• _EXERCISE_
Every line of the listing below should be written out exactly, minus its images.

[[ PROVIDED MATERIAL open ]]

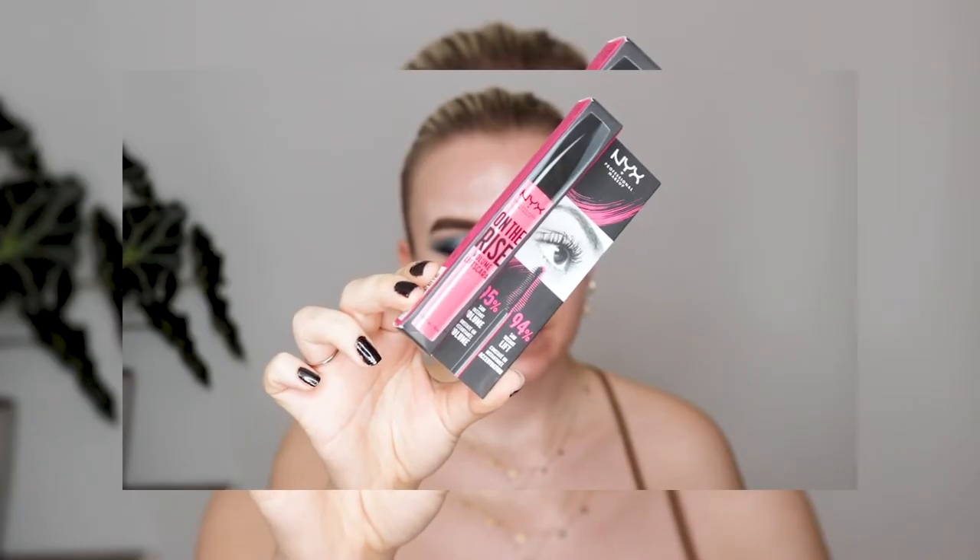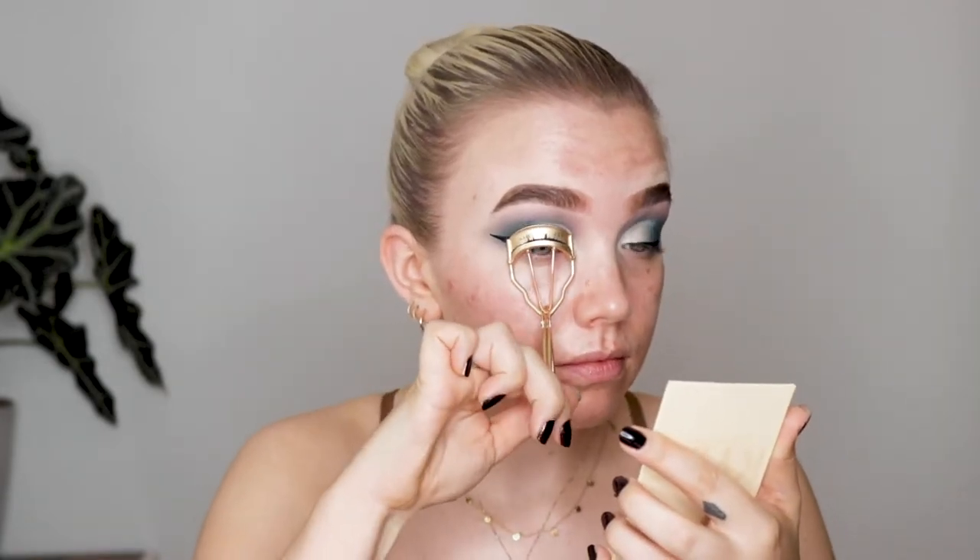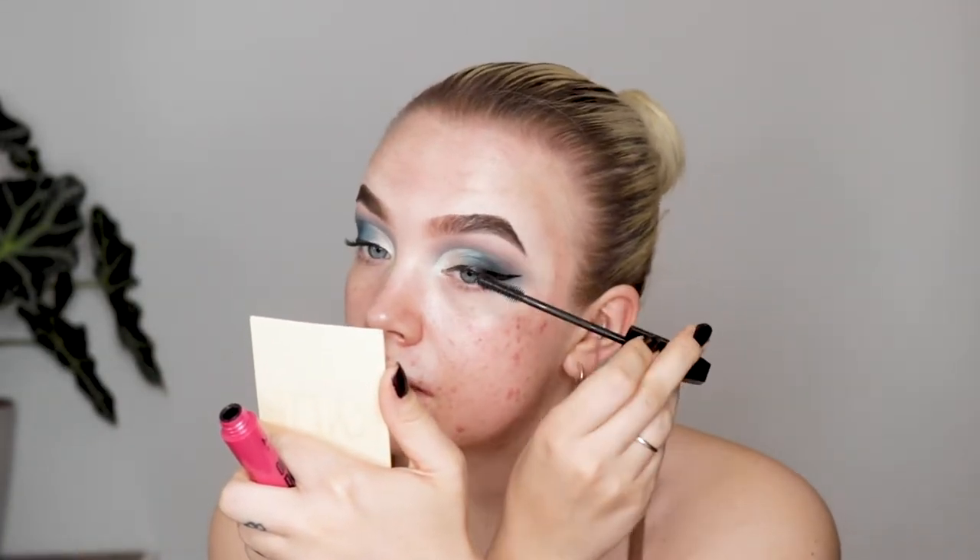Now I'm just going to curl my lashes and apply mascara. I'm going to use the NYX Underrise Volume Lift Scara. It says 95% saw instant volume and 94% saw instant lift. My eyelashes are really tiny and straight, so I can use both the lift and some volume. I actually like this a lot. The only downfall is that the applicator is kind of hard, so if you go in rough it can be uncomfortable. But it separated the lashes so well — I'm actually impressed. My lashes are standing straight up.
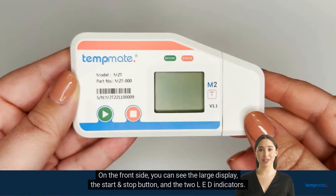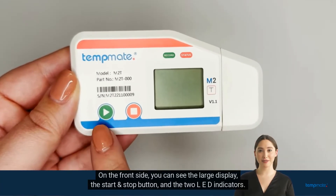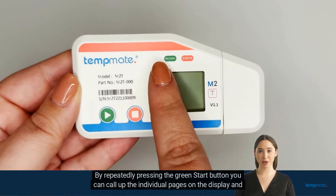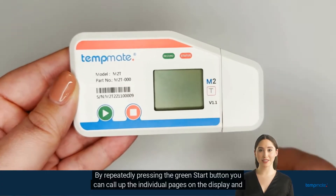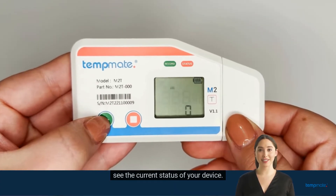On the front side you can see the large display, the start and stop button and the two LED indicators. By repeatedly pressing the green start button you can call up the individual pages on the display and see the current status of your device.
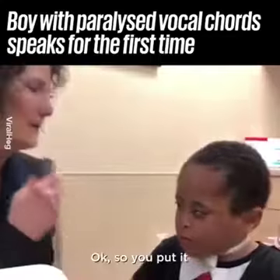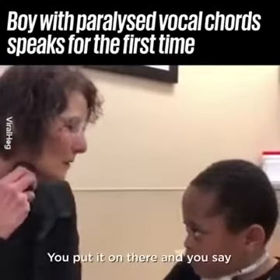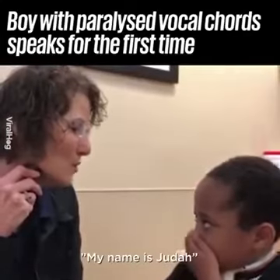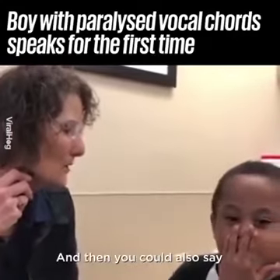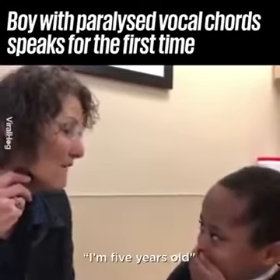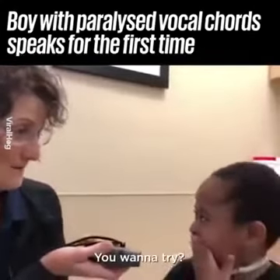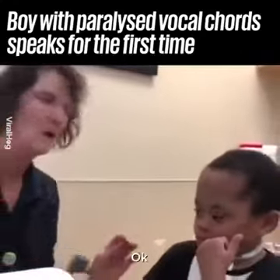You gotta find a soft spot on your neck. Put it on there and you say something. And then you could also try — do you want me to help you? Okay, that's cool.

[[ PROVIDED MATERIAL closed ]]

• _SOLVED EXERCISE_
Now I'm just going to curl my lashes and apply mascara. I'm going to use the NYX Underrise Volume Lift Scara. It says 95% saw instant volume and 94% saw instant lift. My eyelashes are really tiny and straight, so I can use both the lift and some volume. I actually like this a lot. The only downfall is that the applicator is kind of hard, so if you go in rough it can be uncomfortable. But it separated the lashes so well — I'm actually impressed. My lashes are standing straight up.
On the front side you can see the large display, the start and stop button and the two LED indicators. By repeatedly pressing the green start button you can call up the individual pages on the display and see the current status of your device.
You gotta find a soft spot on your neck. Put it on there and you say something. And then you could also try — do you want me to help you? Okay, that's cool.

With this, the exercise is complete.